Taken together, all of Marc’s detached observations raise another question, one Greenlight doesn’t seem particularly interested in addressing: Where is Marc in all of this? He’s on set every day, he’s apparently growing impatient with both Jason and Effie… and unless we’re just not seeing it documented, he doesn’t seem to be making much of an effort to help repair their relationship or otherwise open the lines of communication between the creative and practical sides of the production. In a different exchange, when Effie is complaining that she doesn’t want the only black face in The Leisure Class to be a chauffeur, Marc assesses the situation as follows: “I get it, I understand it, I just don’t want to spend a lot of time on unwanted drama.” So, OK, what’s his quick solution?
It’s starting to seem like Marc just can’t be bothered anymore. But, as with Effie and Jason, it’s hard to tell what he’s actually doing when he’s not expressing exasperation. Is he quietly doing his job in moments too boring to air on HBO, or is he too defeated by all the squabbling on set to be effective? Will we ever spend enough time with him to find out? Or is Project Greenlight just going to continue being a whirlwind of long arguments chopped into increasingly useless snippets of confrontation?
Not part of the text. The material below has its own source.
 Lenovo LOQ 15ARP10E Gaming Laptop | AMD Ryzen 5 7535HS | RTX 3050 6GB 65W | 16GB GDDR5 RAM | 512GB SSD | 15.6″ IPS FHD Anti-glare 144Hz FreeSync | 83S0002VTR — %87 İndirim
If the show’s aim is to confuse viewers to such an extent that it becomes impossible to discern who (if anyone) is on the wrong side of all the supposed misunderstandings between Jason and Effie, then this episode was a resounding success. Ditto if it’s trying to make us feel the same frustration as everyone involved in making The Leisure Class. “I am a kind and gentle person, but I wanna snatch someone up right now,” says Effie in the episode’s final moments. And you know, I sort of feel like snatching someone up too — Greenlight‘s editors, maybe?